仮面ライダー有罪論
初期『仮面ライダー』を観直しているうちに昔からぼんやり抱えていた疑念が急に再浮上した。今日はそんなお話をしてみたい。
『仮面ライダー』には、ショッカーという悪の秘密組織が出てくる。ショッカーは、身体的頭脳的に敵性と思われる人間を拉致して改造手術を施し、意のままにやつれる改造人間を作り出す、彼らを使って世界征服を狙うわけである。物語の主人公・本郷猛もショッカーに捕らえられ改造手術を受けるが、脳改造の直前で脱走、自ら仮面ライダーを名乗り、ショッカーの改造人間と戦うのだ。――これが『仮面ライダー』の基本設定といっていい。
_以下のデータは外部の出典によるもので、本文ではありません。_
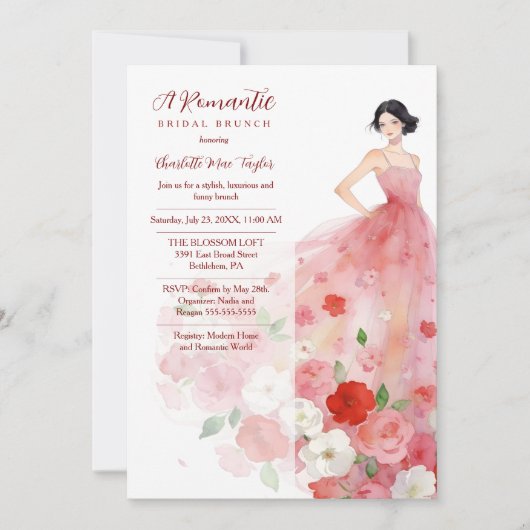 Romantic Pink Floral Tulle Model Bridal Shower 招待状 (正面)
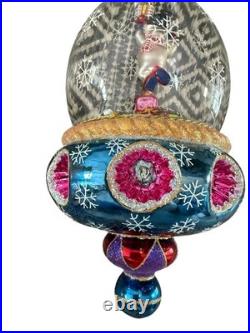 Christopher Radko Frosty Jubilee Snowman Dome Ornament Reflector 1010187 RARE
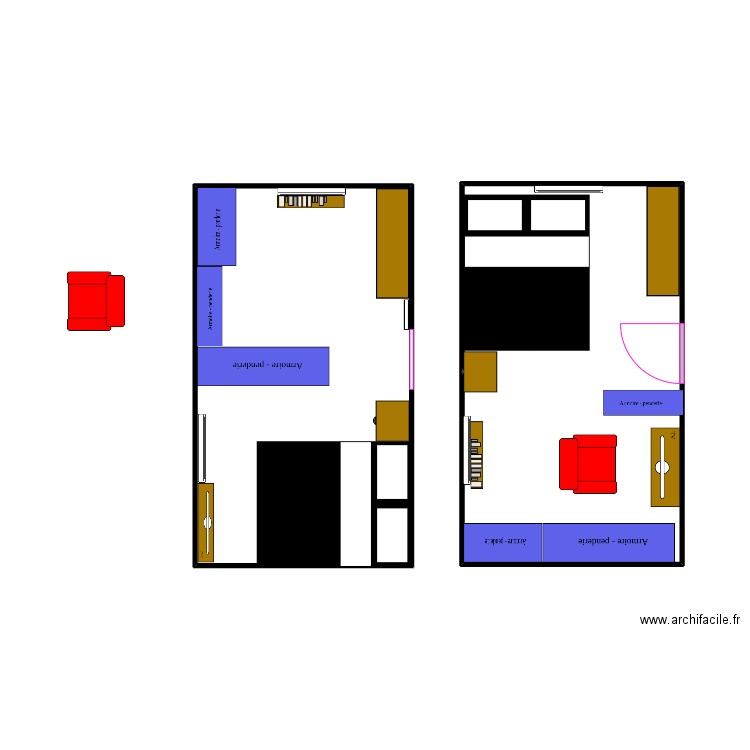 ma chambre. Plan de 2 pièces et 37 m2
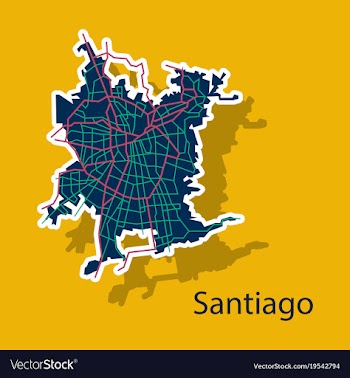 Sticker road and administrative map of vector image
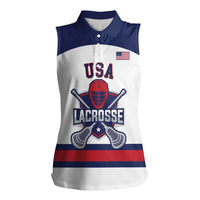 Custom United States Lacrosse Women Sleeveless Polo Shirt Go Champions White Version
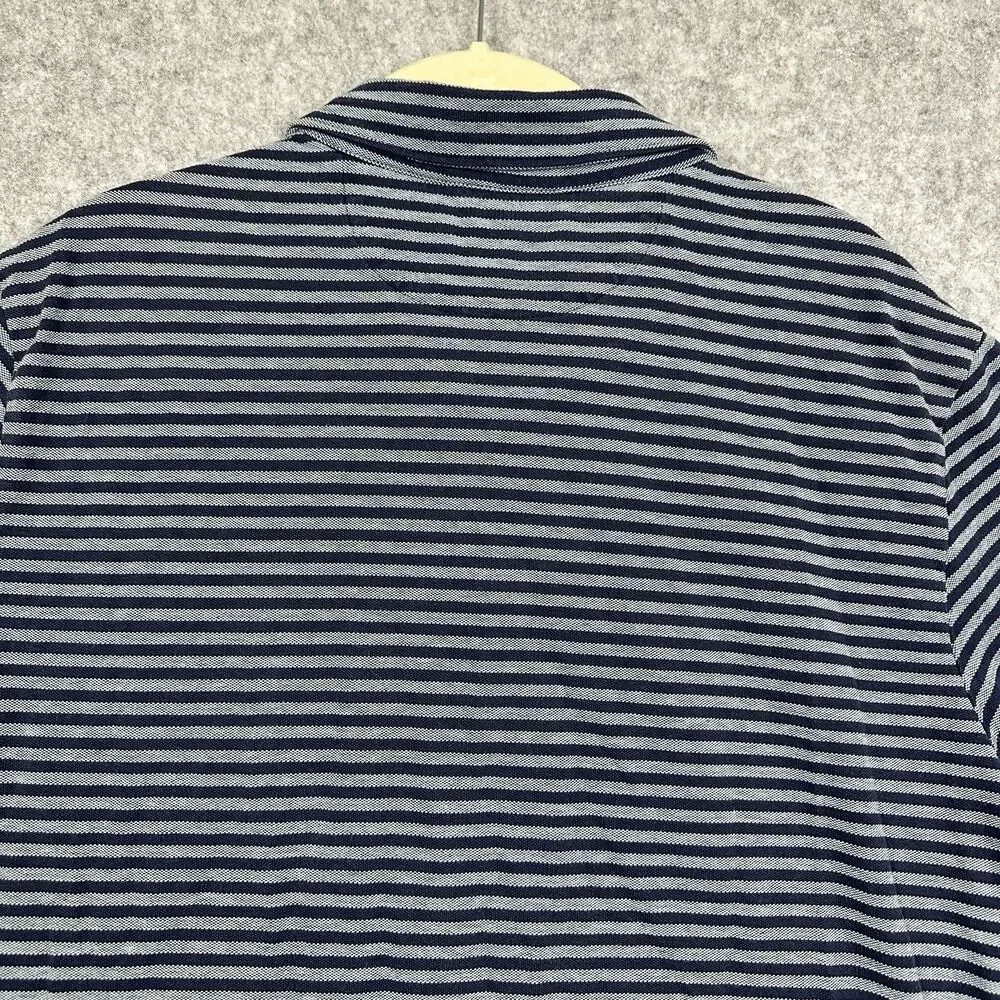 Banana Republic Performance Pique Polo Shirt Mens XL Blue Striped Short Sleeve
仮面ライダー=本郷猛が戦うショッカーの改造人間、蜘蛛男とかかまきり男、ヒトデンジャーやアブゴメスは、当然ながら、平穏な生活を送っているところをさらわれてショッカーにやってきたわけだ。つまり、蜘蛛男もアブゴメスも、たとえば、田中ナニガシ、鈴木ナニガシという戸籍上の名前をもっているわけで、家族が戸籍抹消の手続きを取っていない以上、田中ナニガシ、鈴木ナニガシとして法律上は「生きている」のである。その田中ナニガシ、鈴木ナニガシをライダーキックやライダーきりもみシュートで殺害した仮面ライダーは、刑法上の殺人罪に問われないのか、というのが僕の第一の疑問である。戦闘員を含め、これまで何百、何千もの田中、鈴木、佐藤、山田を殺害してきた仮面ライダー=本郷猛は死刑が妥当ということになってしまう。
一方、脳改造された蜘蛛男、かまきり男の悪事は、心神喪失時の行動ということになって刑法39条により不問に付されるということになりかねないのだ。
この場合法律上、仮面ライダーを守るならば、改造人間=人間ではない。という証明が必要となる。仮に、「身体の一部あるいは大部分を機械などを埋め込んで、本来ある能力を人為的に上げた個体およびその人格」と定義するとする。となると、心臓にペースメーカーを入れている人は改造人間なのか。義肢はどうなる。奥歯がインプラントだから俺も改造人間だ。はなはだしくは、コンタクトレンズを改造手術と認めろ、と言い出す輩もいるかもしれない。
何を危惧するかとうと、この世界観を推し進めて考えると、人権屋弁護士や左翼活動家の新たなメシの種に改造人間が利用されるのではないということだ。改造人間はむろんマイノリティだ。改造人間にも婚姻の自由はある、改造人間という理由で採用を取りやめた企業は糾弾の対象だ、ということになる。たとえば、「あいつの右手はドリルだ」と言っただけで、差別発言とされ、政治家の秘書がポストを失うようなこともあるかもしれない。
と、いろんなことが頭をよぎりました。どなたか法律に明るい方、ご教授ください。